Data for analysis:

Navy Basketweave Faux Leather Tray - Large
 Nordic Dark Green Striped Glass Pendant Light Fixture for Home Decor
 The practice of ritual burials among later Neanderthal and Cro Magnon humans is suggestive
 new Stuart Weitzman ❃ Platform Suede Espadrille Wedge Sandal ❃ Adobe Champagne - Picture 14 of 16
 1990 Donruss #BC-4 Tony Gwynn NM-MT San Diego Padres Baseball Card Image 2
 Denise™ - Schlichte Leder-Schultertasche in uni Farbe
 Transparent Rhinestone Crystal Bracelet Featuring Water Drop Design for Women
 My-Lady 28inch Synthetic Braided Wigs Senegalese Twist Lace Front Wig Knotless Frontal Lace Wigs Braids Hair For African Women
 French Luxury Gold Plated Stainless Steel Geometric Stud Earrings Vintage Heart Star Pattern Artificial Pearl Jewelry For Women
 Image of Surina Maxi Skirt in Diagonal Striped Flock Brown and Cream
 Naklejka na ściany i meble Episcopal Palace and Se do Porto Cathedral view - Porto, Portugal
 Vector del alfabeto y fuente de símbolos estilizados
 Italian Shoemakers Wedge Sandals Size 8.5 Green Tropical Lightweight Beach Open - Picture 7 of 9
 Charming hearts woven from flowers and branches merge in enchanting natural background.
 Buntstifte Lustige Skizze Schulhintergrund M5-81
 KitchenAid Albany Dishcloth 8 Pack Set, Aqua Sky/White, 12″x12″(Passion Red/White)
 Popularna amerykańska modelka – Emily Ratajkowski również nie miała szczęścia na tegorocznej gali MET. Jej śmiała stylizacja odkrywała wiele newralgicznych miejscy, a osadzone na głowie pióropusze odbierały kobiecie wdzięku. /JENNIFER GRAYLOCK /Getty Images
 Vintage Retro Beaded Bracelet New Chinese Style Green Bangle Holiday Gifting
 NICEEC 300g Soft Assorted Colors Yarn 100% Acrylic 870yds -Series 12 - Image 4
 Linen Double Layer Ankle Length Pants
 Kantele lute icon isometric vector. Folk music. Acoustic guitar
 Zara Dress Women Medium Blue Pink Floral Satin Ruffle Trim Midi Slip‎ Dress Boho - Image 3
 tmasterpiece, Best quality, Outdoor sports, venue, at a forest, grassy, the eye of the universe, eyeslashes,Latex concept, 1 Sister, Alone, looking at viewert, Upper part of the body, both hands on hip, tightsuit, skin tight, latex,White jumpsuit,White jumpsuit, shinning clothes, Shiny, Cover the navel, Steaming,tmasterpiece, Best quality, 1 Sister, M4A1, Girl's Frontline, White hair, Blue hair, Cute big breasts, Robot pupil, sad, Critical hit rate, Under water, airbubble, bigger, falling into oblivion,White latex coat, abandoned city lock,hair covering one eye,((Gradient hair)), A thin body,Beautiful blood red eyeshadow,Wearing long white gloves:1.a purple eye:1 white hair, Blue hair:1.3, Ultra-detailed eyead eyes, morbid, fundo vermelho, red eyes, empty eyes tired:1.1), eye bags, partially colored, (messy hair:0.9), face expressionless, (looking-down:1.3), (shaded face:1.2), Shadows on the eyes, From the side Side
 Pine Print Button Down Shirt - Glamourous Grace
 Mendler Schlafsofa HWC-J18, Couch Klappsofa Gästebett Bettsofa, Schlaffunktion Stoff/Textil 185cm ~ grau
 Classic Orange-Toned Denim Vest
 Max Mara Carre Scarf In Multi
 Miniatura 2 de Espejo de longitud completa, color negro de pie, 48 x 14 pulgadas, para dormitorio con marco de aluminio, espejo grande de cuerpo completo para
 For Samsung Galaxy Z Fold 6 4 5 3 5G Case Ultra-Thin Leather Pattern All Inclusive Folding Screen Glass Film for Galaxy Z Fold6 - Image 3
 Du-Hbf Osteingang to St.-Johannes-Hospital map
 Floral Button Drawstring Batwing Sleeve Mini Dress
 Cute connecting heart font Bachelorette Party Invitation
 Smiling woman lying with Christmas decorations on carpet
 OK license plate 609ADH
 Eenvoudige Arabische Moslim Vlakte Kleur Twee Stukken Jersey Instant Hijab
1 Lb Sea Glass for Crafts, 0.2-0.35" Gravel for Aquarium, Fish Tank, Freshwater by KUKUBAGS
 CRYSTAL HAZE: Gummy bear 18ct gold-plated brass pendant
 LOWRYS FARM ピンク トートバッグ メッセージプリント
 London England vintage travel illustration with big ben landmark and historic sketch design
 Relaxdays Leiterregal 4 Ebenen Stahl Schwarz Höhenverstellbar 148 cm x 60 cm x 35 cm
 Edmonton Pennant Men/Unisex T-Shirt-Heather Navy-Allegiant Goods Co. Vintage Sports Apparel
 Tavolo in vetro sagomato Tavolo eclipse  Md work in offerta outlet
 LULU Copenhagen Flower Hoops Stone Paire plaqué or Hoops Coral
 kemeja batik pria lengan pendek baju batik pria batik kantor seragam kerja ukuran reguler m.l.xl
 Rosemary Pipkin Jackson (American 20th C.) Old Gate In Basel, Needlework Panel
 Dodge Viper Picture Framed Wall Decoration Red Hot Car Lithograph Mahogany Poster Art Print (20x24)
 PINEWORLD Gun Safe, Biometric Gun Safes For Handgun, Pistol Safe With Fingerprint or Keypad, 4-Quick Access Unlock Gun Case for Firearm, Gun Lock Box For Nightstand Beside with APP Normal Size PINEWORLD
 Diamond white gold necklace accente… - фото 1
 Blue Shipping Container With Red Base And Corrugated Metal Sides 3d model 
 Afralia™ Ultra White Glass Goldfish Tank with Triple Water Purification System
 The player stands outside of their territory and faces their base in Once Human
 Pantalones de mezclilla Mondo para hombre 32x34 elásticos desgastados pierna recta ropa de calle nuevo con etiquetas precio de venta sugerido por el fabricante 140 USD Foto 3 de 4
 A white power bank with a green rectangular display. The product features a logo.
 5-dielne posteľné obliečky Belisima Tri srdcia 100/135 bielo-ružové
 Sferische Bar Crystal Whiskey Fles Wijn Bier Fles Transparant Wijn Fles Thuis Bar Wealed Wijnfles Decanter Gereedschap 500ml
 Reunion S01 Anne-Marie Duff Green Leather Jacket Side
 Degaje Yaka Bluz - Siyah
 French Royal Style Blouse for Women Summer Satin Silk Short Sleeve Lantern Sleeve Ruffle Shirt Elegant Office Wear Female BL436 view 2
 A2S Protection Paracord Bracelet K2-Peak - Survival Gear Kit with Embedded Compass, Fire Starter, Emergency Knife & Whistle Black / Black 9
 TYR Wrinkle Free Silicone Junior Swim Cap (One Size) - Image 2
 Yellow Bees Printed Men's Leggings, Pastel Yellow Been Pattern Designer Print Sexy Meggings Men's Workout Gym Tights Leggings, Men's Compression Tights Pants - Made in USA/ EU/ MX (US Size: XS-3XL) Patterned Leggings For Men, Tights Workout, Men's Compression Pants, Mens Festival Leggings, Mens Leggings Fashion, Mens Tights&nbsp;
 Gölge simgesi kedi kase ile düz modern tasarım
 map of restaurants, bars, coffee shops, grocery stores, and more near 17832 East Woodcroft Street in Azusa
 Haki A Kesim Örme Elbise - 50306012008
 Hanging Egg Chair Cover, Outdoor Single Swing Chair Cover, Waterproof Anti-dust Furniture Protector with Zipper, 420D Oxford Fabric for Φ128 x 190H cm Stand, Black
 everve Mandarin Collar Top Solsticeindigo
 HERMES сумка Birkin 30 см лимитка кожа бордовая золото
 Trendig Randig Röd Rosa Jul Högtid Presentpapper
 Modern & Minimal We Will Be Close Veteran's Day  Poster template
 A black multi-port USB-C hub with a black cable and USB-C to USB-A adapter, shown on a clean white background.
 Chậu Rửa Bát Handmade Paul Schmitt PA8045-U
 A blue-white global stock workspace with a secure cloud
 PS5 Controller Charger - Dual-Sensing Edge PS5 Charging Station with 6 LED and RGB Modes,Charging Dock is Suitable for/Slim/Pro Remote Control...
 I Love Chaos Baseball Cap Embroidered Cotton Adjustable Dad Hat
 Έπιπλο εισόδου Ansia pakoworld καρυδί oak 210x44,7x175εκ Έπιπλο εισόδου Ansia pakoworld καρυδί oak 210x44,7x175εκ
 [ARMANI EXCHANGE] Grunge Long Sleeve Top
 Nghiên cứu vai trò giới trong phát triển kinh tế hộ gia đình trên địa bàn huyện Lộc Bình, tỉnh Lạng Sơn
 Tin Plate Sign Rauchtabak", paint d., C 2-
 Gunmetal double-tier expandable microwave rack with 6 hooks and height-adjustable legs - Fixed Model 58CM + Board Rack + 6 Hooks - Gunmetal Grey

Assigned task: Please give an exact copy of the lines above, beginning with the line containing "Nordic Dark Green" and running through the line containing "Transparent Rhinestone Crystal", and of no other lines.

Written answer:
 Nordic Dark Green Striped Glass Pendant Light Fixture for Home Decor
 The practice of ritual burials among later Neanderthal and Cro Magnon humans is suggestive
 new Stuart Weitzman ❃ Platform Suede Espadrille Wedge Sandal ❃ Adobe Champagne - Picture 14 of 16
 1990 Donruss #BC-4 Tony Gwynn NM-MT San Diego Padres Baseball Card Image 2
 Denise™ - Schlichte Leder-Schultertasche in uni Farbe
 Transparent Rhinestone Crystal Bracelet Featuring Water Drop Design for Women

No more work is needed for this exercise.